Would you repeat exactly the part of the listing below that runs from the line containing "Laconia, NH 03246" down to the line containing "Apartment Teidi With Pool Ližnjan Kroatië", inclusive, and nothing else?

→ MATERIAL FOR THIS EXERCISE
- - - - - - -

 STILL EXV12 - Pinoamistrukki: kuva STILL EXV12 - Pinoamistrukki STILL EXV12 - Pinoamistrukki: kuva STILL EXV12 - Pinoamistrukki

- - - - - - -

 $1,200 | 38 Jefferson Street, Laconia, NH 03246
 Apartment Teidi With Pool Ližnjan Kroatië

- - - - - - -

→ RESULT BELOW
 $1,200 | 38 Jefferson Street, Laconia, NH 03246
 Apartment Teidi With Pool Ližnjan Kroatië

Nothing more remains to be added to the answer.